● Given data
>>

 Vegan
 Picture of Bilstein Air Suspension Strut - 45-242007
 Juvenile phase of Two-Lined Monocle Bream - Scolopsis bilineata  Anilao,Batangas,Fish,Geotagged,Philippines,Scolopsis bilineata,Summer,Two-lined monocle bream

<<

Copy out the full listing so that each line matches exactly.

● Output for this exercise
 Vegan
 Picture of Bilstein Air Suspension Strut - 45-242007
 Juvenile phase of Two-Lined Monocle Bream - Scolopsis bilineata  Anilao,Batangas,Fish,Geotagged,Philippines,Scolopsis bilineata,Summer,Two-lined monocle bream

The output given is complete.